» What the task requires
Exact copy, no pictures: output all the records that follow.

» Information shown
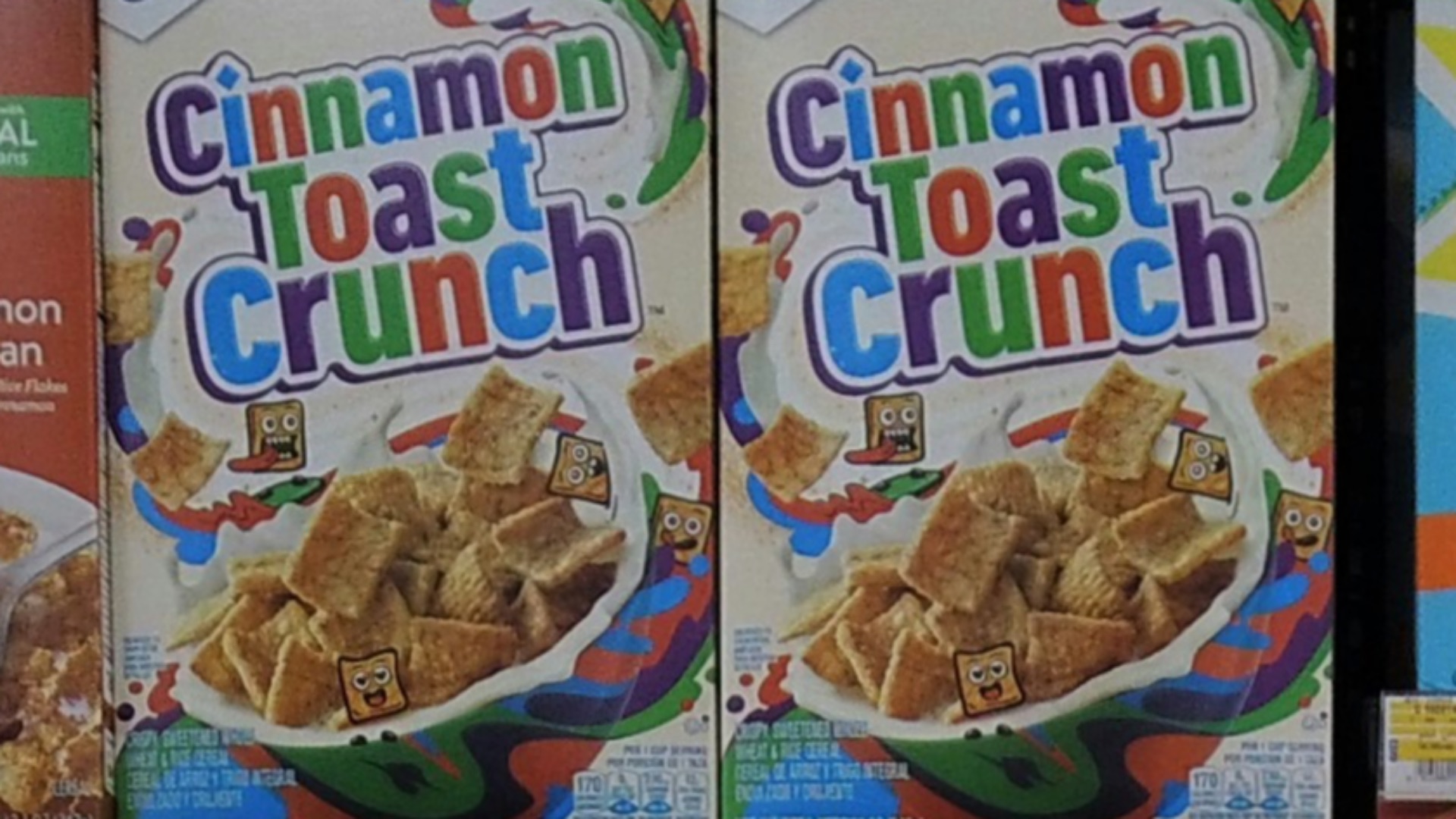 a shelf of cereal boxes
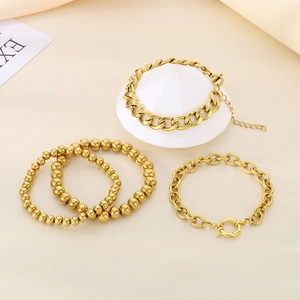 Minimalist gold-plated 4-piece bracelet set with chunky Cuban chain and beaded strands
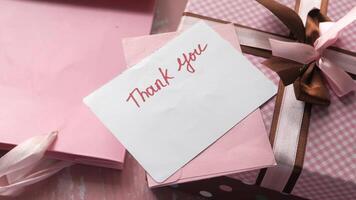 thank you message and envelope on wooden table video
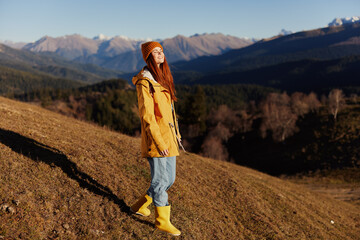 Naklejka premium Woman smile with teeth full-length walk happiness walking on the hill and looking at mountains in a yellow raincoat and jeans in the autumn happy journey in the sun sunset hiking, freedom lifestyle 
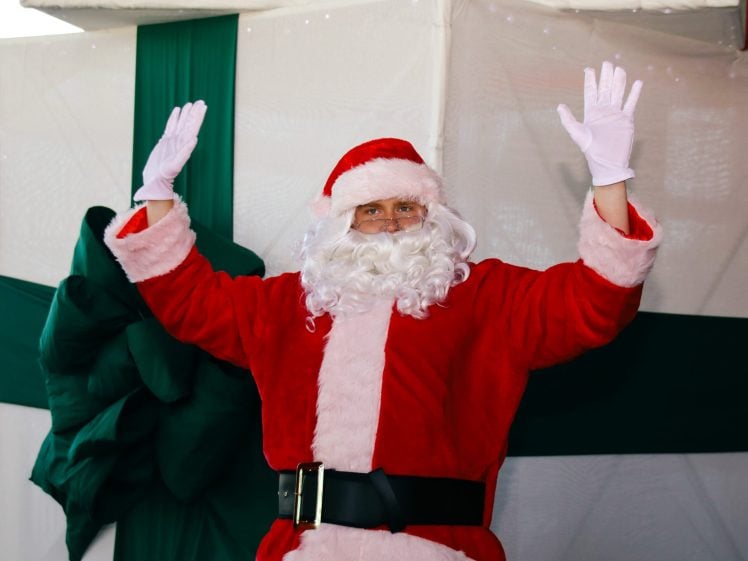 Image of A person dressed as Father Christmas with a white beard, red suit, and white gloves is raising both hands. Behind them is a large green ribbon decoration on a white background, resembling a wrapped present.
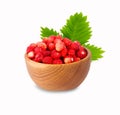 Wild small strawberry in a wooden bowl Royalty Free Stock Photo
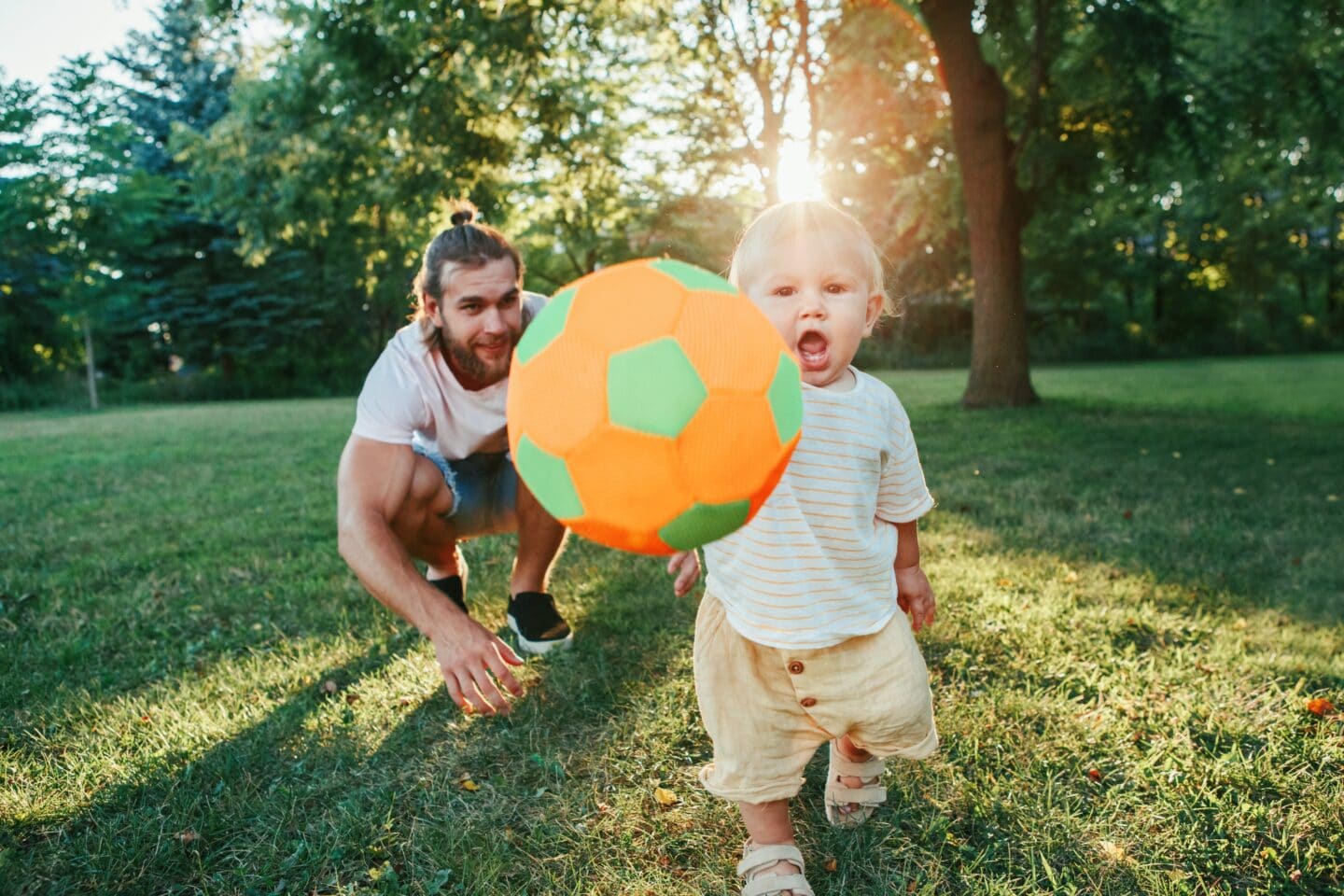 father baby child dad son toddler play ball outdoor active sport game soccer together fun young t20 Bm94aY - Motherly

» Answer space
 a shelf of cereal boxes
 Minimalist gold-plated 4-piece bracelet set with chunky Cuban chain and beaded strands
 thank you message and envelope on wooden table video
 Naklejka premium Woman smile with teeth full-length walk happiness walking on the hill and looking at mountains in a yellow raincoat and jeans in the autumn happy journey in the sun sunset hiking, freedom lifestyle 
 Image of A person dressed as Father Christmas with a white beard, red suit, and white gloves is raising both hands. Behind them is a large green ribbon decoration on a white background, resembling a wrapped present.
 Wild small strawberry in a wooden bowl Royalty Free Stock Photo
 father baby child dad son toddler play ball outdoor active sport game soccer together fun young t20 Bm94aY - Motherly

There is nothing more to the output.